Nice demijohn, but definitely from the 1800s.  They weren't making bottles that big until maybe the 1830s, definitely by the 1840s.


----------



## Harry Pristis (Oct 18, 2018)

RIBottleguy said:


> Nice demijohn, but definitely from the 1800s.  They weren't making bottles that big until maybe the 1830s, definitely by the 1840s.




According to McKearin & Wilson . . . 
“It was in the middle of the 18th century that large bottles, normally wickered, for shipping and storage of liquids were first called demijohns and carboys by some manufacturers.  They had long been blown and often were covered with leather or wicker, but probably in comparatively in small numbers before their commercial use in shipping became prevalent.Botae -- that is, bonbonnes (demijohns) -- were being blown in France by the beginning of the 14th century. . . By the middle of the 18th century imported bottles of four to twenty gallons were advertised occasionally in American newspapers, among them “wickered bottles that will hold up to 5 gallons.” 


That is not to say that all demijohns were produced abroad.  McKearin & Wilson goes on to list a number of American glasshouses which advertised demijohns in the 1700s.  Those ads used the term “demijohn” sporadically, sometimes using “dime’johns” (1788) or “demie johns” (1790).  The earliest use of the term the authors could find was in a 1762 advertisement of arrack (alcoholic beverage) in “demy johns.”  Earliest use of carboy was in a 1767 offer of “wickered bottles or carboys from 1 quart to 7 gallons.”

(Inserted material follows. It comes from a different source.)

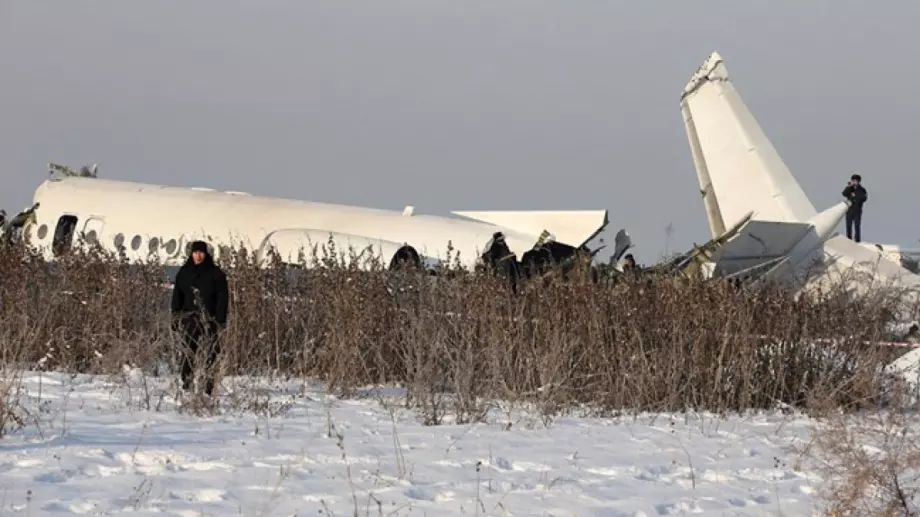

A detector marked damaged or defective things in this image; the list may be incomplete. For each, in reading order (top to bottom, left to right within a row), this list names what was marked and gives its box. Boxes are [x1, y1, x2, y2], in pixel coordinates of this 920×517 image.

These early bottles were typically “big-bellied, globular or ovoid in form.  Occasionally, they might have what we call now a “flowerpot” shape.  By the end of the 18th century, they might have an oval (or laterally compressed) shape.  Big cylindrical bottles were more common in the ninteenth century.


“After about 1810 or 1820, the common lip finish was a thick, deep, and flat sloping collar.  Prior to that time, demijohns and carboys usually had either a narrow flat collar or a heavy string ring laid on below a plain lip, or sometimes -- in the case of large size -- a rough lip, neither fire-polished nor tooled.”

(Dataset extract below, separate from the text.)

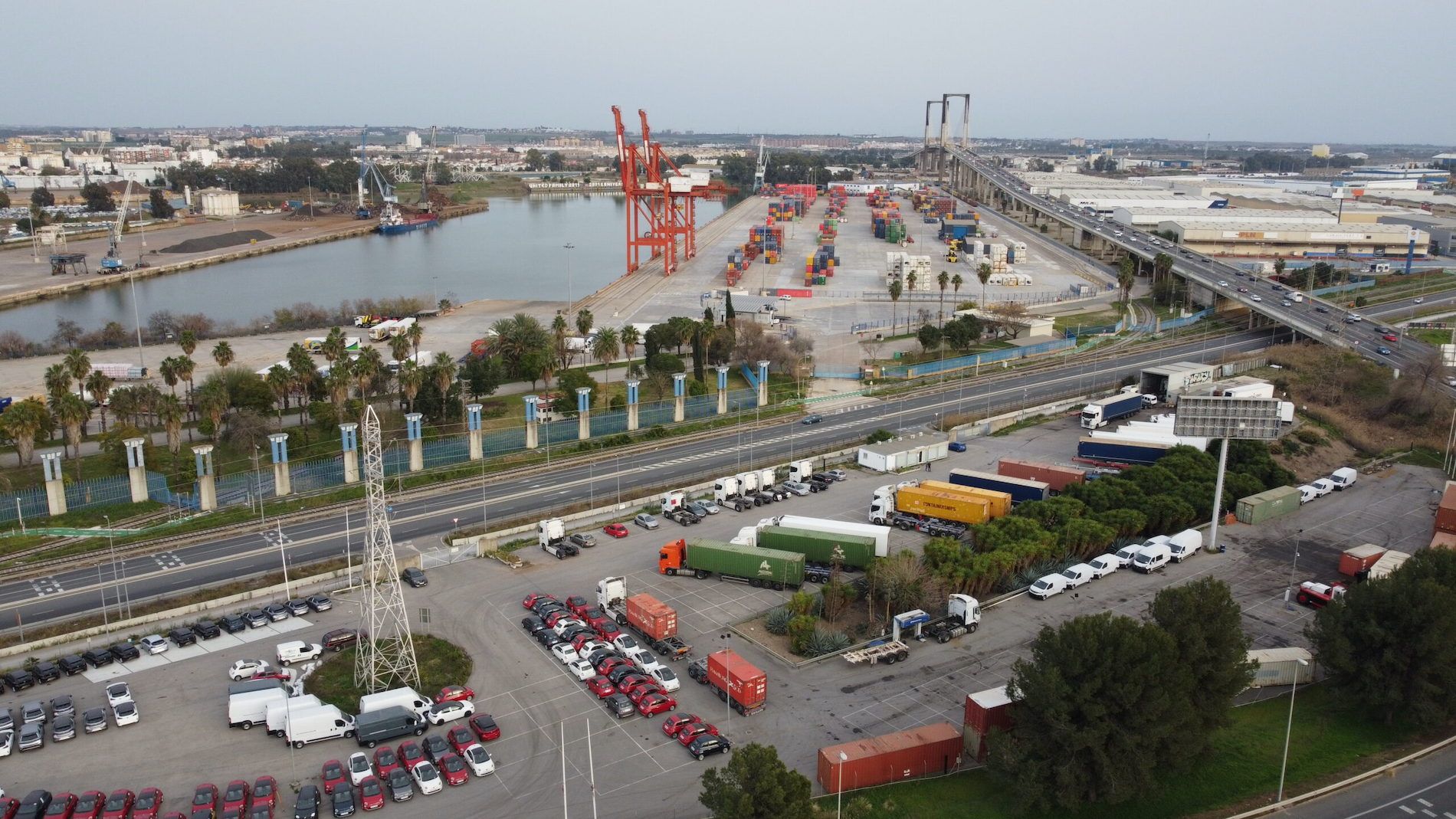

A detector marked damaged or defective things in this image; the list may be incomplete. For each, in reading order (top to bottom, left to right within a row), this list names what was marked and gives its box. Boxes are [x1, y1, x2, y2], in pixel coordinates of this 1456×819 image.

rusty brown container [821, 724, 966, 797]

Based on advertisements and price lists from the early years of the 19th century, it is apparent that demijohns and carboys became steadily more important products of the USA glassworks.   “Even so, that the demand was not satisfied seems implicit in the continued importation of demijohns, which were frequently advertised in Atlantic seaboard newspapers as arriving in lots of a thousand or more.  Because of importation, because of widespread domestic production, and because ... the bottles were not marked with a manufacturer’s or glassworks’ name, it is virtually impossible to attribute  an individual specimen to a particular glassworks.”

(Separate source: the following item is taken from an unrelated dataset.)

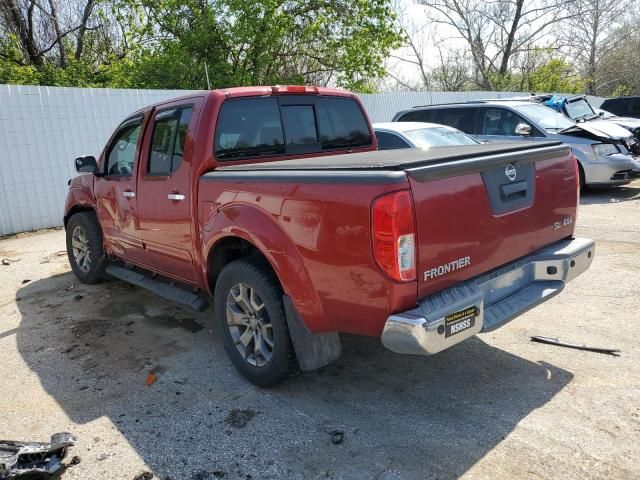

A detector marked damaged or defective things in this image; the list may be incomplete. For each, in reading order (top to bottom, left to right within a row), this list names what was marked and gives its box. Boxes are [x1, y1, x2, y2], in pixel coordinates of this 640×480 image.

damaged car [396, 100, 640, 188]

AMERICAN BOTTLES AND THEIR ANCESTRY; Helen Mckearin & Kenneth M. Wilson; Crown Publishers, New York; 1978.


----------



## Harry Pristis (Oct 18, 2018)

So, RIBg may be right, sort of.  

Mckearin & Wilson might date this bottle to the first decade of the nineteenth century based on the "thick, deep and flat sloping collar."  Maybe this demijohn served in the War of 1812 rather than the Revolutionary War.


----------



## Tory Hole (Oct 20, 2018)

Hi Harry,

Thank you for your detailed input.  Knowing nothing of antique glass, I can't offer an opinion of any kind.  That said, I can't help but think your evaluation is the correct one. The bottle is "tippy", or "wobbly".  Wouldn't bottles made in the early 1800's been more stable on the bottom?  I have so many additional pictures that might shed more light on the age of the bottle.  I'm happy to send if you'd care to see them.

As the home in Darien, CT my grandparents owned was, without question Revolutionary War era, and this bottle was a part of that home, I do believe it is likely of that era.  Darien's narrow roads are named "Red Coat Pass", Tory Hole Rd., Nearwater Lane.  As a boy, in the 30's my father found a revolutionary war musket hidden in a cave.  My mother still has it. And that has been authenticated.

Thank you Harry.  
Kind Regards,
Leslie


----------



## sandchip (Oct 22, 2018)

Not a comment on the age of your bottle, but there are thousands of "wobbly" bottles dating all the way up into the 1850s.


----------



## Harry Pristis (Oct 22, 2018)

Sandchip is right.  Wobble didn't matter for a demijohn because the wicker wrap stabilizes the bottle.


----------